-------- SUPPLIED RECORDS

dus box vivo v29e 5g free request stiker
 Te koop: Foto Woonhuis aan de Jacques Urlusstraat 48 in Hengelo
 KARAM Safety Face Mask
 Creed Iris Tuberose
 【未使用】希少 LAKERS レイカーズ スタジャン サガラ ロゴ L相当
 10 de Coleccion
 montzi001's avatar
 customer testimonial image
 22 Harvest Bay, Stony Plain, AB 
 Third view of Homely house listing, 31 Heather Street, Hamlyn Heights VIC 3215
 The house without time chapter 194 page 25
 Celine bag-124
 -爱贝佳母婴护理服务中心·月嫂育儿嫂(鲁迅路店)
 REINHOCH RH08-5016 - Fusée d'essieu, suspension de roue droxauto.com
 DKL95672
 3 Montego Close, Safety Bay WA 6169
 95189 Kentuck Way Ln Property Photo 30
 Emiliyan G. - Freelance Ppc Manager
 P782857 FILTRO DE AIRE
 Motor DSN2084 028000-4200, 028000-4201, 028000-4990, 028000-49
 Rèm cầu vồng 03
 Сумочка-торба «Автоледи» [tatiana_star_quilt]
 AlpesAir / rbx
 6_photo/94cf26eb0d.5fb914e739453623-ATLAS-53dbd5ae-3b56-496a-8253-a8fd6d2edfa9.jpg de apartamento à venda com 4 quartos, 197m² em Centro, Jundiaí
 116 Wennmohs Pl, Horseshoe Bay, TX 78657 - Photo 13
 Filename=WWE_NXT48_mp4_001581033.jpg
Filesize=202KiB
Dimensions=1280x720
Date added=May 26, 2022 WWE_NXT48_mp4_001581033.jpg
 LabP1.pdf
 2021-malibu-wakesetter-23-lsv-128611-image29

----------------

YOUR INSTRUCTIONS:
Report the number of lines above containing the word "house", with no other text.

RESULT:
2